From left: Rev. Eugene O’Hagan, producer Mike Hedges, Rev. David Delargy, Rev. Martin O’Hagan
Three Roman Catholic priests from Northern Ireland who began singing together as teenagers in the seminary—the Rev. Eugene O’Hagan, Martin O’Hagan and David Delargy—have become overnight sensations more than 20 years later. In February 2008, the three recorded a demo that reached the ears of UK-based producer Mike Hedges (U2, The Cure, Dido, the Manic Street Preachers), who was sufficiently impressed to sign on as their producer and convince Sony BMG to fund the trio’s first album, titled The Priests, which RCA Victor released in November 2008.
The CD, featuring sacred and traditional Irish music, was an immediate success, claiming the Guinness World Record for the fastest-selling UK debut for a classical act and surpassing 1 million copies sold worldwide in January. This week, The Priests is Number One atop Billboard’s Top Classical Albums chart.
Hedges co-produced this effort with Sally Herbert and assembled a team of engineers that included Haydn Bendall and assistant Olli Cunningham. The project presented the production team with challenges throughout. For starters, the priests were new to album production. When the O’Hagans and Delargy were asked by CNN about whether they enjoyed the recording process, Rev. Eugene O’Hagan replied, “It’s been hard work. It’s been tough work. We’ve never worked with ‘cans’ [headphones] before. And the whole technological side of recording has been an eye-opener. And for those of us who have never been exposed to that kind of technological world and the advances of science and mixing and recording, it’s been a really fantastic experience.”

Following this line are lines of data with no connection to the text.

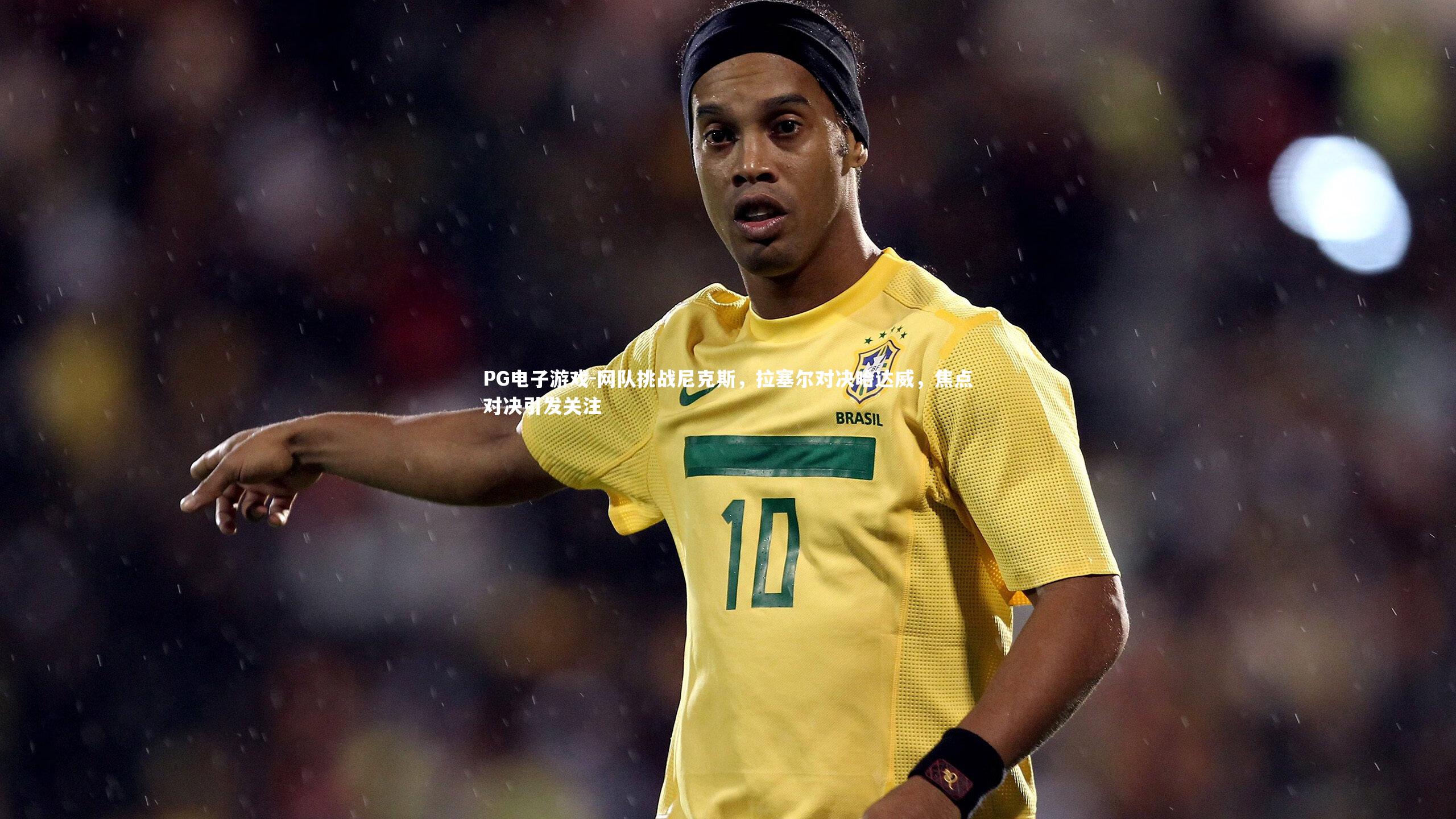 网队挑战尼克斯，拉塞尔对决哈达威，焦点对决引发关注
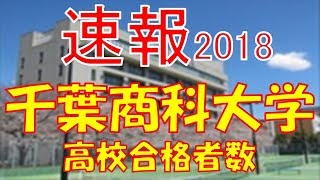 【速報】千葉商科大学 2018年平成30年 合格者数高校別ランキング [upl. by Nedap]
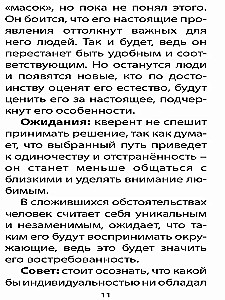 Карты таро - Оракул отражение души (65 карт + инструкция)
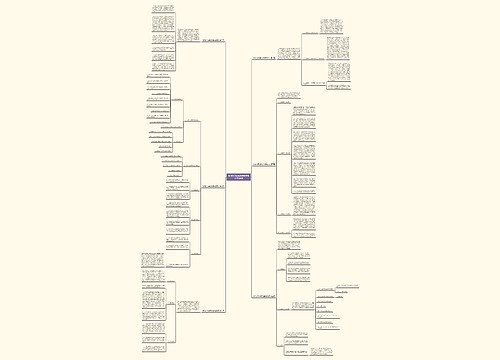 物流公司消防改造报告范文优选6篇 物流公司消防改造报告范文优选6篇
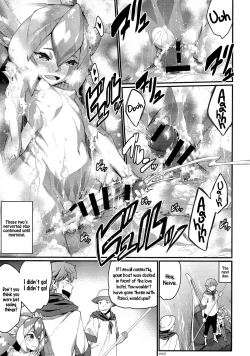 Page 22 of Ajin Shoujo-tan Vol. 5 Another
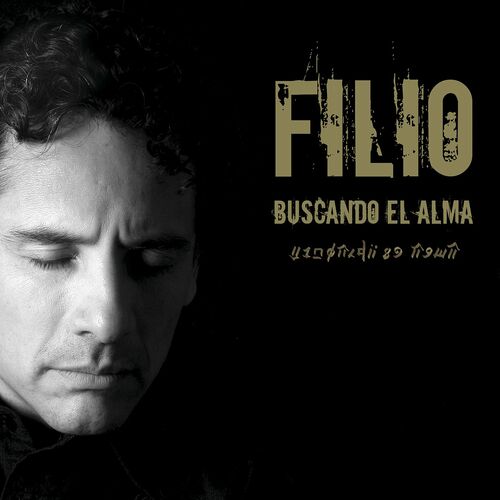Buscando el alma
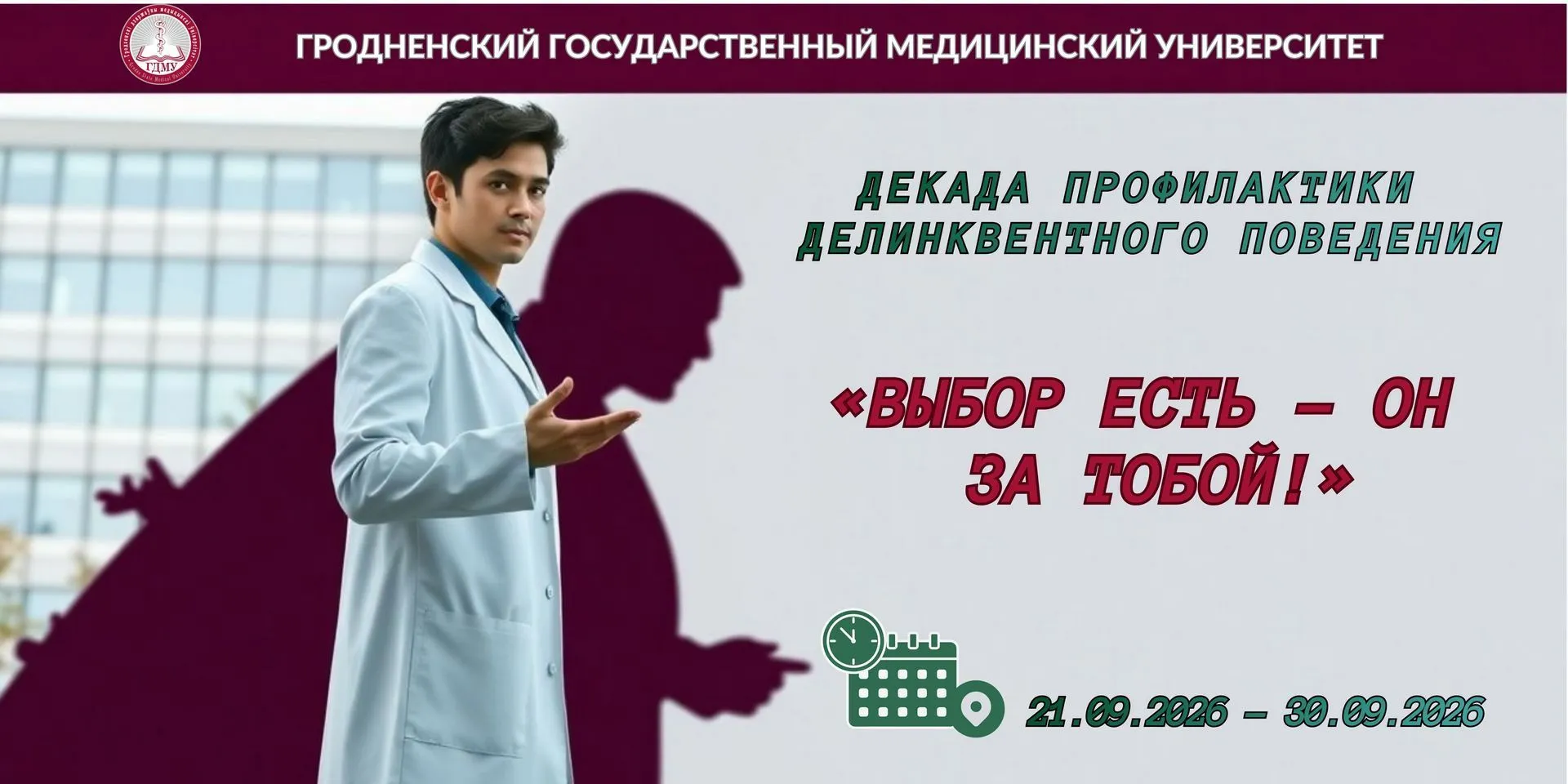 Университетская декада профилактики делинквентного поведения «Выбор есть – он за тобой!»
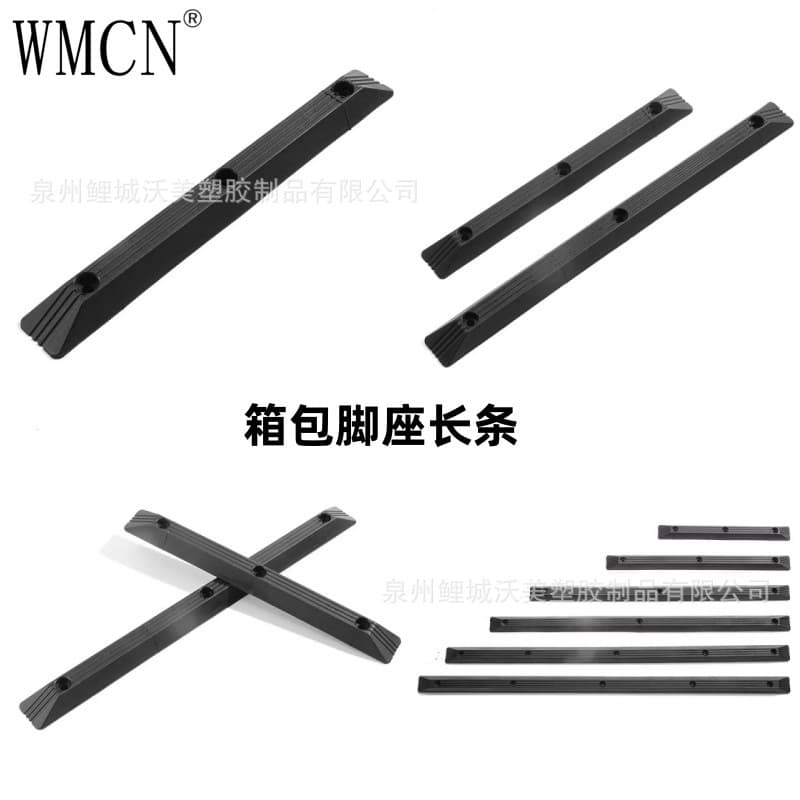 PP base strips in various sizes, plastic luggage foot strips, trolley bag reinforcement strips, fabric case corner guards, base strips, luggage accessories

Recording sessions for The Priests took place in multiple locales. The production team began the project in a traditional parish hall in Belfast, Ireland—the Good Shepherd Centre, a familiar and comfortable environment for the priests. “We started with a piano- and vocal-only rehearsal to routine the songs,” Cunningham explains. “Then we spent the rest of the time working on tempos, feel and keys using the orchestral arrangements, which were realized using samples running live from Logic Pro 8. The guide vocals were recorded directly into Logic through the Prism Sound Orpheus [FireWire recording interface]. The Orpheus was invaluable as it meant the guide vocal recordings were [of] great quality—some takes were used on the masters.”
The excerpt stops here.